▸ EXERCISE DIRECTIONS:
Below are records with pictures. Transcribe exactly, and only, the lines from the line with "You can also" to the line with "If the status", both ends included, but not the pictures.

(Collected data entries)
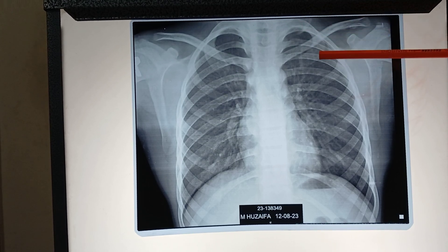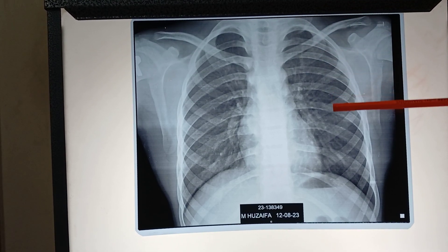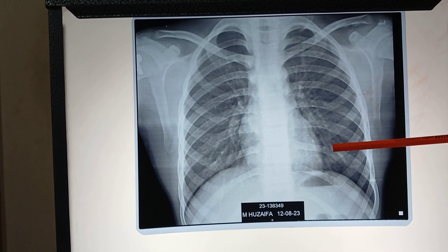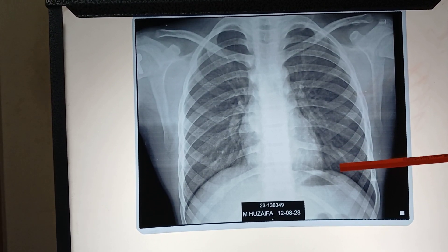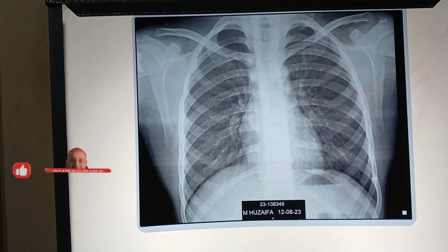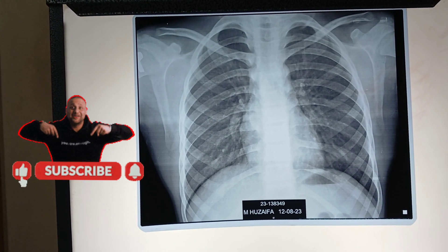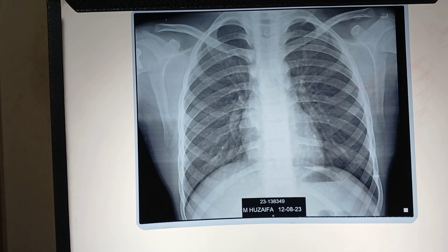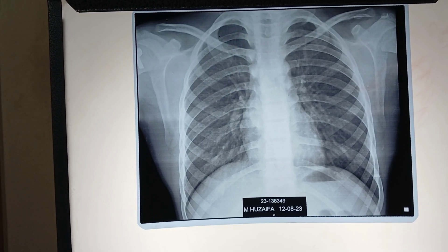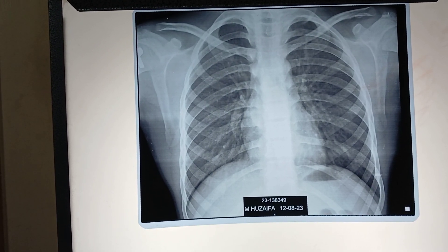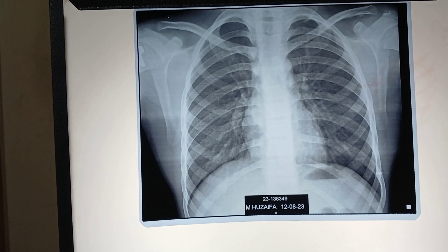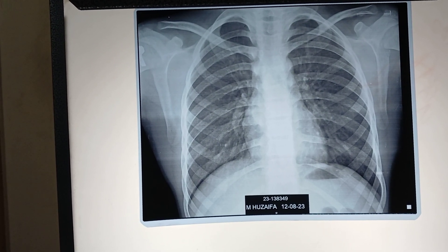Now count the posterior ribs: 1st, 2nd, 3rd, 4th, 5th, 6th, 7th, 8th, and 9th. 8-10 ribs intersect the diaphragm posteriorly. So this is the film taken in full inspiration. If fewer ribs are seen, then the film is either taken in the expiratory phase or the inspiratory effort is poor. And if more ribs are seen, then the lungs are hyperinflated.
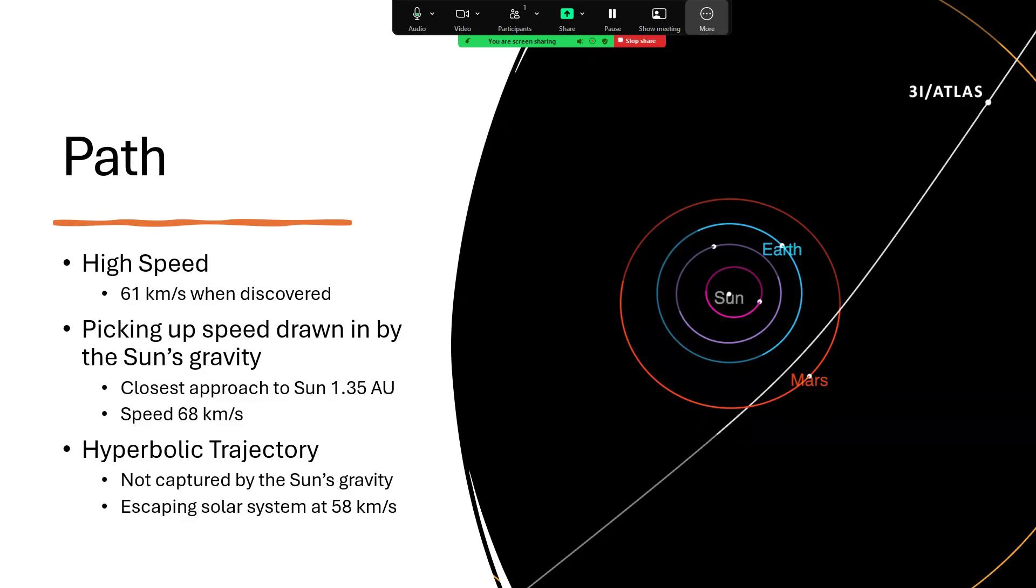Very rapid indeed, getting faster due to the gravity of the sun pulling it in towards the inner solar system. When it passes the sun, it will do so between the Earth's orbit and Mars's orbit at just 1.35 AU - the Earth-Sun distance is one astronomical unit, AU - by which time it will have got 7 kilometers per second faster, to 68.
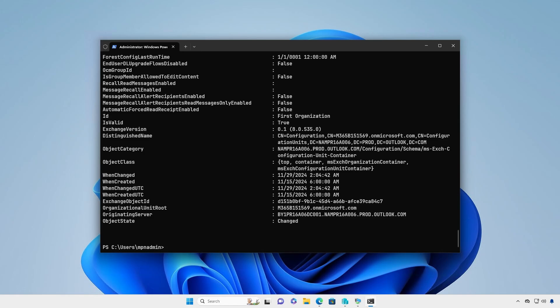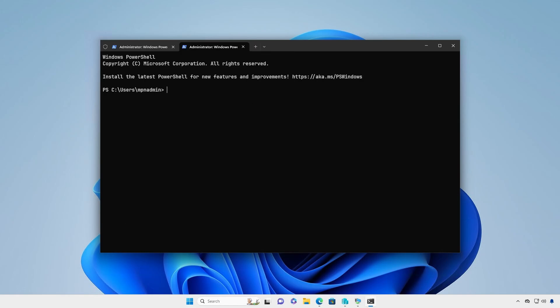You can also use Microsoft Graph PowerShell to retrieve the tenant name. Microsoft Graph PowerShell can be installed using this command.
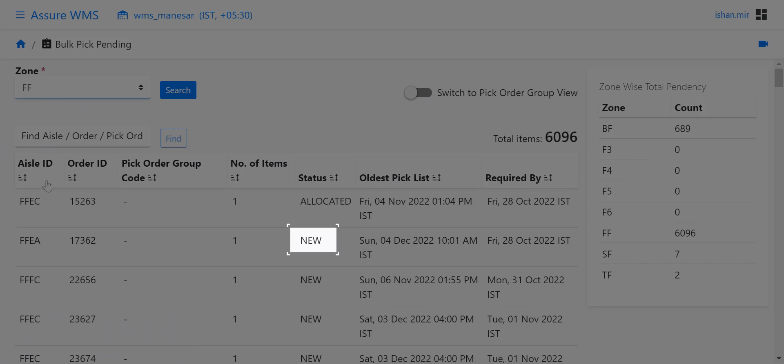If the status is new, that means the picker is yet to be assigned to that aisle for picking. The oldest pick list shows the date and time when the pick list was released.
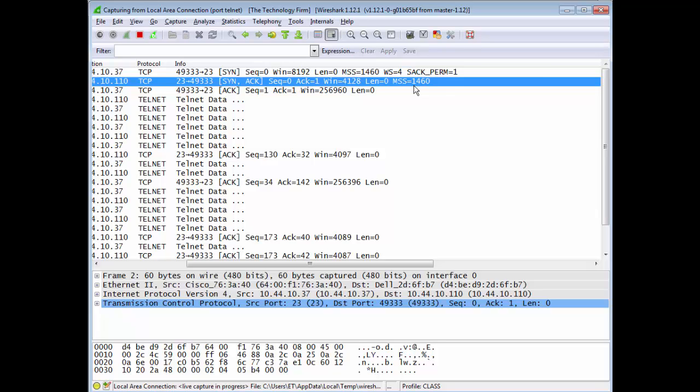FTP uses TCP and this is the TCP three-way handshake. We noticed characteristically Cisco devices do not have something called SAC permitted or selective acknowledgements. The other thing is the window size was 4K. We needed a bigger window size.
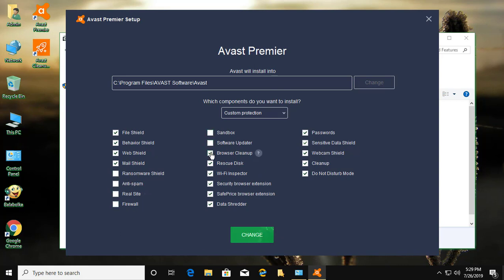Uncheck Sandbox, Software Updater, Browser Cleanup, Rescue Disk, Wi-Fi Inspector. Uncheck remaining all options.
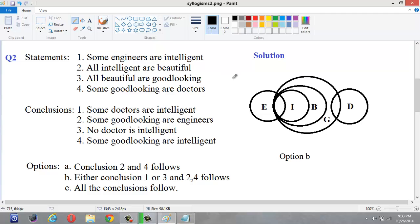Some engineers are intelligent — okay. Next, all the intelligent are beautiful and all the beautiful are good looking. And then the last statement: some good looking are doctors. These some good looking are doctors are shown in the diagram.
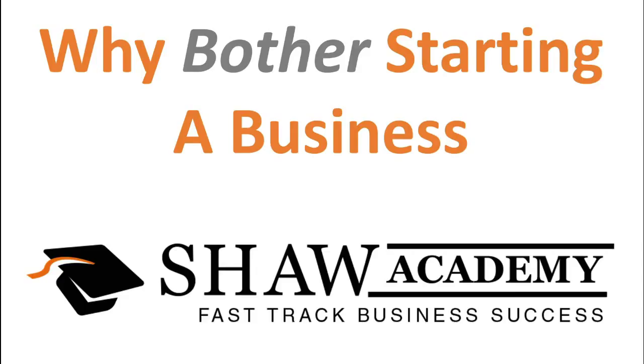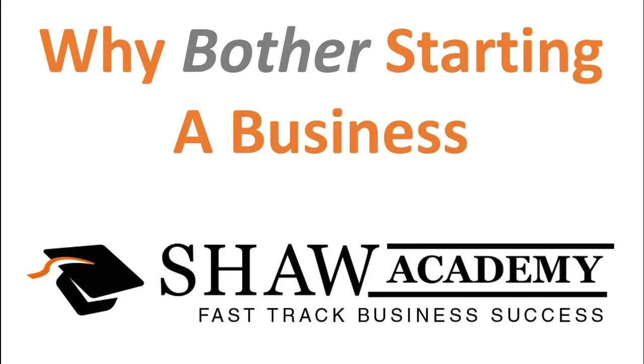Why bother starting your own business? Why do so many people have a compulsion to start their own business? One of the things we look at in our Fast Track Business Success course here at the Shaw Academy is we look at understanding the reasons why. Why do you want to start your own business? Well, let's look at it very quickly just to see if this makes sense.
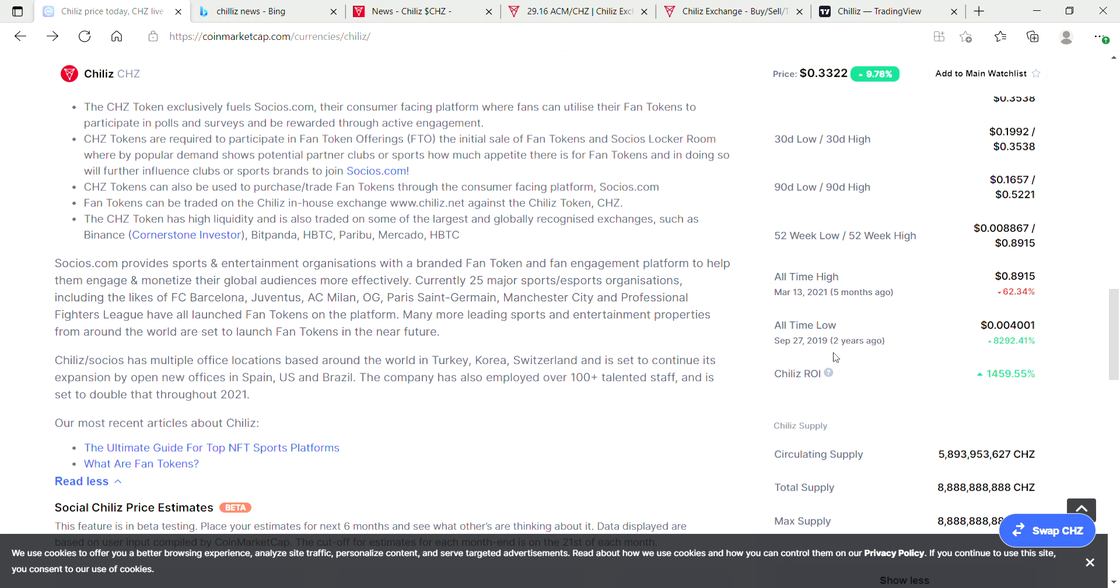If you'd actually invested at the beginning till now, your return is 1,459 percent. You're looking at roughly a 15x return on Chiliz in two years.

▸ WRITTEN REPLY:
You can also use Microsoft Graph PowerShell to retrieve the tenant name. Microsoft Graph PowerShell can be installed using this command.
If the status is new, that means the picker is yet to be assigned to that aisle for picking. The oldest pick list shows the date and time when the pick list was released.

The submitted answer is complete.